Remon van Vliet - 10 Apr 2006 11:26 GMT
>i would like to use NIO to improve performance processing some very
> large text files -- 1 to 4 GB. i have written my processor in
[quoted text clipped - 30 lines]
>
> mp
It's unlikely NIO will solve anything for you. NIO adds (as the name
suggests) non blocking IO. Non-blocking IO helps an application use less
threads for a large number of concurrent IO channels. Since you said you
only work with one large file there will be no poerformance increase based
on non-blocking IO. I think it's highly likely you're doing something else
less efficient than strictly necessary. How about you post your read code
here?
Robert Klemme - 10 Apr 2006 12:01 GMT
> i would like to use NIO to improve performance processing some very
> large text files -- 1 to 4 GB. i have written my processor in
> standard i/o and it's impractically slow.
>
> the processing is line-oriented and not complicated, which is why i
> believe that i/o is the performance bottleneck.
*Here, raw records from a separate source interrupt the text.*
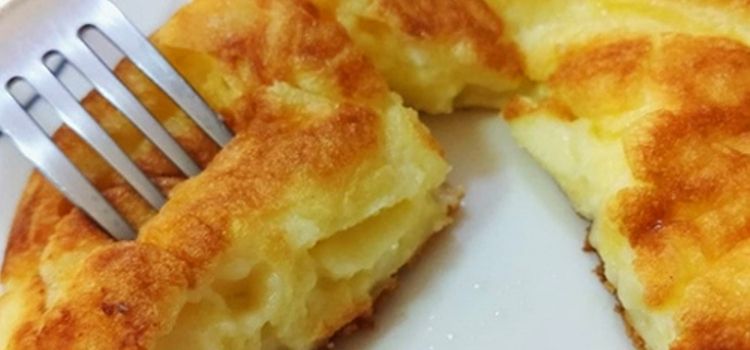 receita pão de queijo frigideira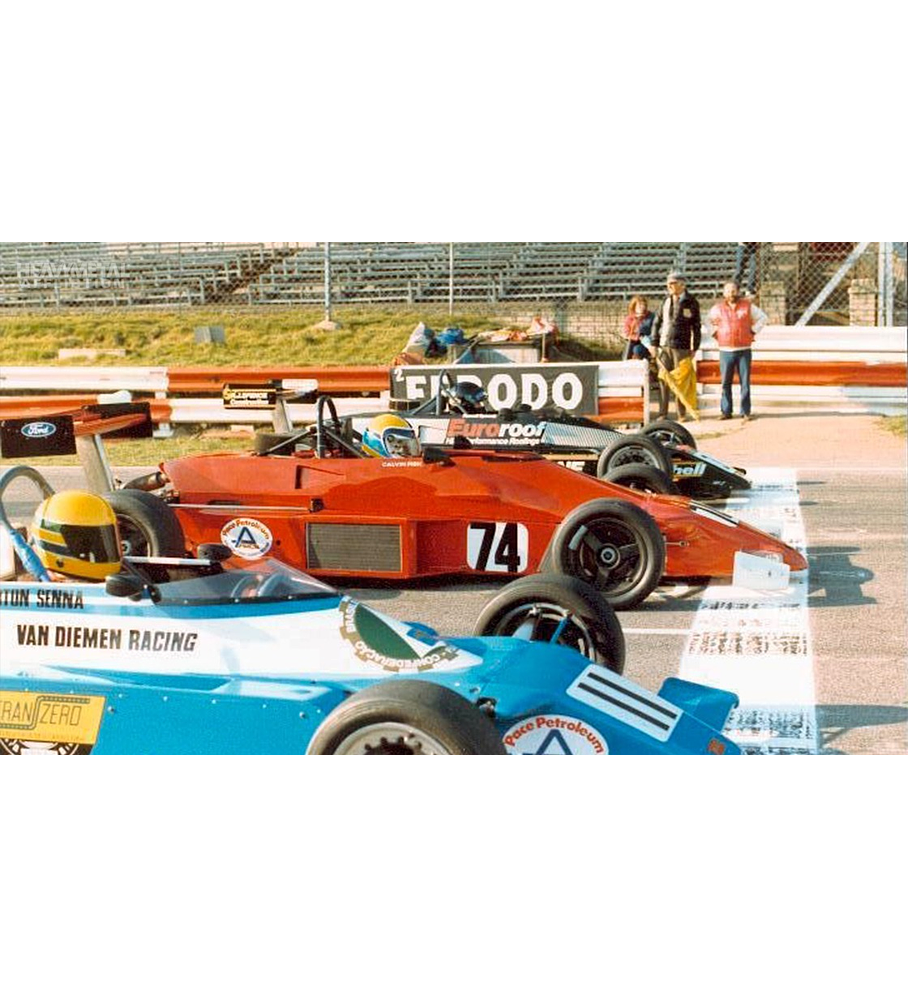 1/20 F1 Resin kit - Van Diemen RF82 Formula Ford 2000 - Debut car winner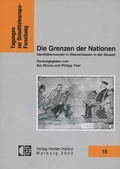 Cover: Die Grenzen der Nationen - Verlag Herder-Institut
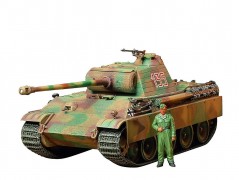 Tanque German Panther Type G Early Version TAMIYA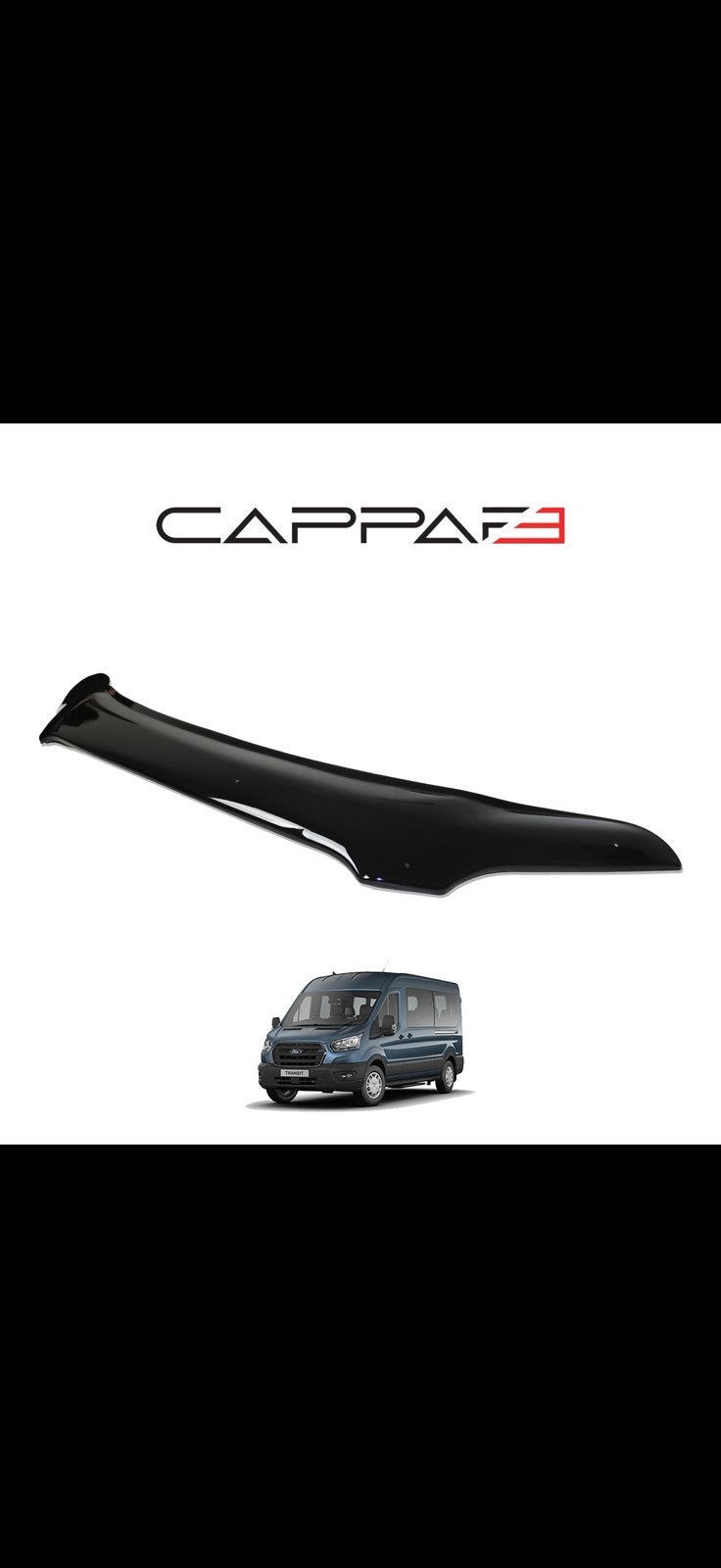 Ford Transit 2019+ Motorkapbeschermer – Nieuw, Auto diversen, Ophalen of Verzenden, Kmax auto accessories, Kmax Oto Aksesuar, Nieuwemeerdijk 34 Badhovedorp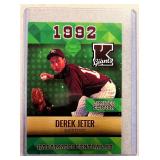 Derek Jeter 1992 Rookie Phenoms High School rookie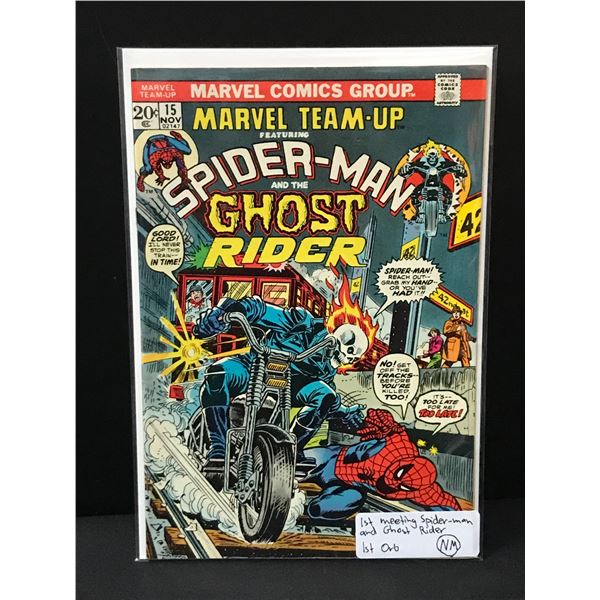 MARVEL TEAM-UP #15 1ST ORB - MARVEL COMICS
Please profile your app to make sure that your believe and reality
actually match. Also, a good test is to just race through the file
reading bytes to determine how fast you can expect to go on your
hardware / OS.
Btw, from my experience (i.e. measurements) it's usually the fastest to
use a BufferedReader's readLine() when doing line oriented stuff. YMMV
though.
Kind regards
robert